ADMIXTURE is a software tool for maximum likelihood estimation of individual ancestries from multilocus SNP genotype datasets. It uses the same statistical model as STRUCTURE but calculates estimates much more rapidly using a fast numerical optimization algorithm.

References:

Documentation
Important Notes

Interactive job
Interactive jobs should be used for debugging, graphics, or applications that cannot be run as batch jobs.

Allocate an interactive session and run the program.

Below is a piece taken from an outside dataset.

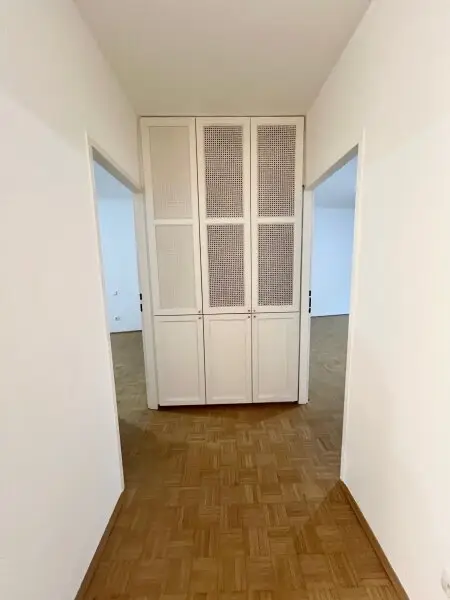 Toplage Hietzing: Teilsanierte 70 m2 Mietwohnung mit Loggia – unbefristet & sofort beziehbar!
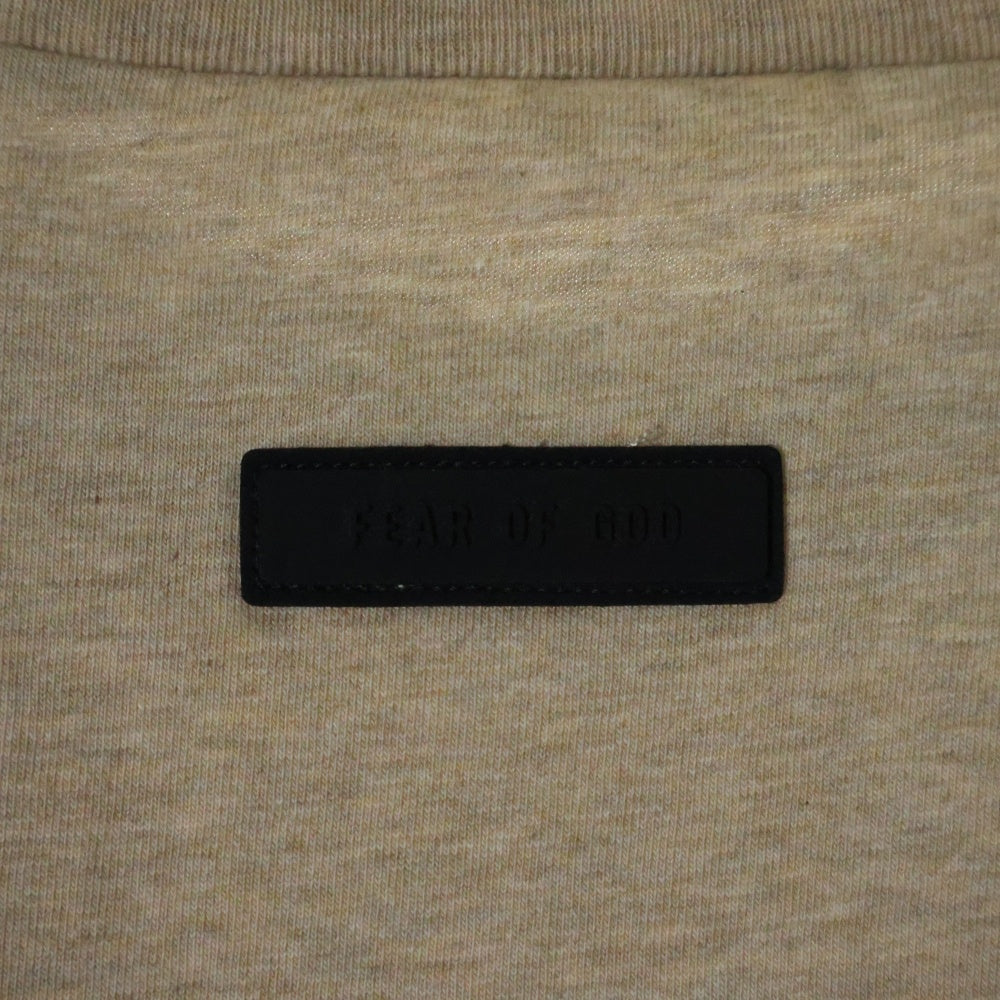 FEAR OF GOD ESSENTIALS(フィアオブゴッド エッセンシャルズ) S/S T-SHIRT ラバーロゴ 半袖Tシャツ ベージュ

Sample session:

[user@biowulf]$ sinteractive
salloc.exe: Pending job allocation 46116226
salloc.exe: job 46116226 queued and waiting for resources
salloc.exe: job 46116226 has been allocated resources
salloc.exe: Granted job allocation 46116226
salloc.exe: Waiting for resource configuration
salloc.exe: Nodes cn3144 are ready for job

[user@cn3144 ~]$ module load admixture

[user@cn3144 ~]$ cp /usr/local/apps/admixture/example/* .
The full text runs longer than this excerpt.